(Records for the task)

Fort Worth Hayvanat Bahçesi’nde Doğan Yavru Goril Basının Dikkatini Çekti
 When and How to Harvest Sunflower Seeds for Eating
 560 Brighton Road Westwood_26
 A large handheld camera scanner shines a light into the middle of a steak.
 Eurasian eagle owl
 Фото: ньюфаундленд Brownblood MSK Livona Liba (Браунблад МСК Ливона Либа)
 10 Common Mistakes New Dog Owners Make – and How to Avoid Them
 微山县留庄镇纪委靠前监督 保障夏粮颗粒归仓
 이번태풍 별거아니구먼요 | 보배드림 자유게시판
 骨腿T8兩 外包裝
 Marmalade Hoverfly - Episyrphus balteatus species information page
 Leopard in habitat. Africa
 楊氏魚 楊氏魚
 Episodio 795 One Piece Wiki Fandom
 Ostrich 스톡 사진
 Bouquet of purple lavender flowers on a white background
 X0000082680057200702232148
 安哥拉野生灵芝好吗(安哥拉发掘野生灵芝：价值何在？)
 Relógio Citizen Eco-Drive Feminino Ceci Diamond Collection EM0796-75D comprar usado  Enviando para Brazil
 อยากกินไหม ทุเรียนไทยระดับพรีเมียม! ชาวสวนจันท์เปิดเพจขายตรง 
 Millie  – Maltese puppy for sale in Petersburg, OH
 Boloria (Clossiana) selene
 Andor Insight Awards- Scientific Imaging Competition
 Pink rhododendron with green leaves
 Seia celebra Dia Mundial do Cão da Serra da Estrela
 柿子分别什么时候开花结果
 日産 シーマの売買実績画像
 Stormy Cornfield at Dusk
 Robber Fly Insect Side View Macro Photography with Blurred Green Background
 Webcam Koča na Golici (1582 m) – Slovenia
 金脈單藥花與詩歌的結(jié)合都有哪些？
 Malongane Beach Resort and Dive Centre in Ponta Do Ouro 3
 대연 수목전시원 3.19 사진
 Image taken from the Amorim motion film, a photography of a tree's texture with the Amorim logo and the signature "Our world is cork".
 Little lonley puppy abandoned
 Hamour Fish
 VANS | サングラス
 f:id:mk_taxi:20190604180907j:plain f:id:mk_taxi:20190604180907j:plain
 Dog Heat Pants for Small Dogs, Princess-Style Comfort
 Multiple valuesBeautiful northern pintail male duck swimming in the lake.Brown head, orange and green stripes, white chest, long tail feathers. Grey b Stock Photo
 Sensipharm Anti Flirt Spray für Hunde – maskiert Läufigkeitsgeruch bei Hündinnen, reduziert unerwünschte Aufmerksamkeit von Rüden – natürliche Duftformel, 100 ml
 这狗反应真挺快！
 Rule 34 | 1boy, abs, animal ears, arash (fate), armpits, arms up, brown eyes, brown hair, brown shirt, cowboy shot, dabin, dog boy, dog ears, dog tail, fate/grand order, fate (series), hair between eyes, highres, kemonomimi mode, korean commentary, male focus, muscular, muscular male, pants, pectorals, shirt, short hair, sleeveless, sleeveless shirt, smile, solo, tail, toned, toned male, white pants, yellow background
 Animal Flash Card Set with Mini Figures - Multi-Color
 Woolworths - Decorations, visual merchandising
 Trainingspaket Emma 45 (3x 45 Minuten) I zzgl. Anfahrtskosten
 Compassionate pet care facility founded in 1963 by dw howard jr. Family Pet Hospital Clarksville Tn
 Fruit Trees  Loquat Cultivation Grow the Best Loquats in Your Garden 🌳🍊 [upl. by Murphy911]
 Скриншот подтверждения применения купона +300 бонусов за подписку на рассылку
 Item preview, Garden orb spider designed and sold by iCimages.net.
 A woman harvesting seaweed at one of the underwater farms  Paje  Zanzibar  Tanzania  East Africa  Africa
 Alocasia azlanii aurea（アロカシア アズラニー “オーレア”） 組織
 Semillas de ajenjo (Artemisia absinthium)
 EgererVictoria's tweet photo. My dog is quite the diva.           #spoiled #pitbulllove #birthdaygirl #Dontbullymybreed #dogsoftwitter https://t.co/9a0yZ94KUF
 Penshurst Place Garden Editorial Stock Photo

(End Records for the task)

Only the number of lines above that contain "puppy" should be given as the answer.

2